Curtin's first novel The Sinkings, the story of a 19th century intersex convict, was published by UWAP in 2008 to widespread acclaim. While working on her second novel, she found it difficult to shut out the insistent muse of short fiction - thus her equally acclaimed 2011 short story collection, Inherited.

"A lot of other ideas were coming to me," says Curtin. "And a novel is like a marathon, so it was really wonderful being able to complete something during that process."

"That process" has now found its logical conclusion in Elemental, in which an elderly woman, Meggie Tulloch, writes her life story in a series of cheap exercise books for her granddaughter.

How to lift the matter-of-factness out of the fabric of history and imagination and make it sing is the task of poetry. Straddling the turn of the 20th century and largely set in the north-east of Scotland, Norfolk, the Shetland Isles and Fremantle, Elemental features a supple poetry of prose, a music that is both unique to time and circumstance and yet timeless and universal: "Elspet grabs hold of my gansey elbow and pulls me to the lean-to between our but-and-ben and Unty Jinna's," recalls Elemental's central character, the red-haired Meggie. "Pointing frantically, she is gulping at the air. Such a meekling. Elspet, as scaredy as a cradle bairn, seeing fairies everywhere."

It's an example of the way language and dialect work like grace notes giving wings to a four-square dance.

Elsewhere the effects are more subtle, a single word laying a charge which is detonated further on. For example, a gift of a butterfly-shaped biscuit - a thing of joy for Meggie - resonates darkly in the next section with, "Ma died in the early morning hours after Christmas night, as the first snow fluttered from the sky."

Elemental, a novel whose four-part structure mirrors the four elements - water, air, earth and fire - teems with such instances. And yet it is the art that conceals art, straightforward narrative and bright, sensuous imagery allowed to hold sway. Show, don't tell.

"It's important for me to go to a place, not just to see but to actually hear and have that immediacy of experience," says Curtin, who is also a book editor and lecturer at Edith Cowan University. "I think it adds a richness to how it forms in your head and therefore hopefully how it translates to the page."

So Curtin travelled to Lerwick in the Shetland Islands to spent time in the north of Scotland.
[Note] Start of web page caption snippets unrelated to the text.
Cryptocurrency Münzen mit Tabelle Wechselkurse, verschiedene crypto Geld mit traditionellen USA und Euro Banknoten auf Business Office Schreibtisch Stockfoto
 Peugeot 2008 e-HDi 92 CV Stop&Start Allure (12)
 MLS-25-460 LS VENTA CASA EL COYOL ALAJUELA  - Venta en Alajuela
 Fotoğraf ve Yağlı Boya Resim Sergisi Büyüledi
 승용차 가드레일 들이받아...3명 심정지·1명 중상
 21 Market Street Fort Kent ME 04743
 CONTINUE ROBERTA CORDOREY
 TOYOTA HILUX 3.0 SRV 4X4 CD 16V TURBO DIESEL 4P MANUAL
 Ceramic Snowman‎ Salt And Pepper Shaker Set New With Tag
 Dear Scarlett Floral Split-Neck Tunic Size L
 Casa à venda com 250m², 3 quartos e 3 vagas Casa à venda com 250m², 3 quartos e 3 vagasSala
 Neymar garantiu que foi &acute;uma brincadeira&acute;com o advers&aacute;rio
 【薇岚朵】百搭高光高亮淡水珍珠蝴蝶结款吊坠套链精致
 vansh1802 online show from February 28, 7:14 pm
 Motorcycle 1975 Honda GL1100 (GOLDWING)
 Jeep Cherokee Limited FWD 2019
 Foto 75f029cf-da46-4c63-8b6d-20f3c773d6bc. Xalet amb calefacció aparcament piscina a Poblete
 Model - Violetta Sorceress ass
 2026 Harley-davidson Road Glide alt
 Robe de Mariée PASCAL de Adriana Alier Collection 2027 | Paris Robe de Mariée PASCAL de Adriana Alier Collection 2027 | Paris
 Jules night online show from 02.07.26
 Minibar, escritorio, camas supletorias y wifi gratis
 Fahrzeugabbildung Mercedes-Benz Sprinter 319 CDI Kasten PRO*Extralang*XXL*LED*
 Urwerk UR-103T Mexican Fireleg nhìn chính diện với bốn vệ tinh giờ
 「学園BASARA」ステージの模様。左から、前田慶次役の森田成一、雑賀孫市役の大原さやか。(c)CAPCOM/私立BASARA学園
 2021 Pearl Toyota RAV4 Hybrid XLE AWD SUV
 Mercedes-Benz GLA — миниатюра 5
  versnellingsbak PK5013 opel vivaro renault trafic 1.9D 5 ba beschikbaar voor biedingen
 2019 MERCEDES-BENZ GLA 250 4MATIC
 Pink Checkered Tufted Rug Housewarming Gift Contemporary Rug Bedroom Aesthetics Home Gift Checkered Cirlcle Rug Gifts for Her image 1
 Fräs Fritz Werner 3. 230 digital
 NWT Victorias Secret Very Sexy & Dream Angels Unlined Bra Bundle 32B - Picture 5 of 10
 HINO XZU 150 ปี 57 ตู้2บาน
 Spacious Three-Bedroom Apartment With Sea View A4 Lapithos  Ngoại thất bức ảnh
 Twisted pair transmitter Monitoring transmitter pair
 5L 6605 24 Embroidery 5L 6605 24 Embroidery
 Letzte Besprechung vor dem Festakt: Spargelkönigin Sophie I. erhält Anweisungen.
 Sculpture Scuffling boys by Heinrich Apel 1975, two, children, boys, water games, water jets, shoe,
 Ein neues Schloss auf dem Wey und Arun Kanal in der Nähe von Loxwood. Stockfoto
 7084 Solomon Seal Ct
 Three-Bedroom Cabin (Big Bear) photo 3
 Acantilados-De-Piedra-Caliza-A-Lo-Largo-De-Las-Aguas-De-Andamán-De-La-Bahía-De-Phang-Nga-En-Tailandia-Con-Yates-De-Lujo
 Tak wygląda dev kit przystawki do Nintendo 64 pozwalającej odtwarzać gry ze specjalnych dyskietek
She also visited Great Yarmouth in Norfolk ("a very bleak and interesting place").

"I plunged my hand into the North Sea to see how cold it was. I watched the sky and tried to imagine what Meggie would be seeing and hearing."

And yet underlying Curtin's skilfully wrought imagery is the eternal grappling of those fractious twins - memory and change. "I'm interested in memory. And in that human impulse to bear witness. But I'm also interested in change. I know a lot of people who don't cope well with change. Changes like the death of a spouse can really undo someone to the extent that they don't think they can come back from it.

"What you carry on with is not the same but it can be like the butterfly. 'If nothing ever changed, there would be no butterflies.' We go through these enormously difficult things and we come through one way or another."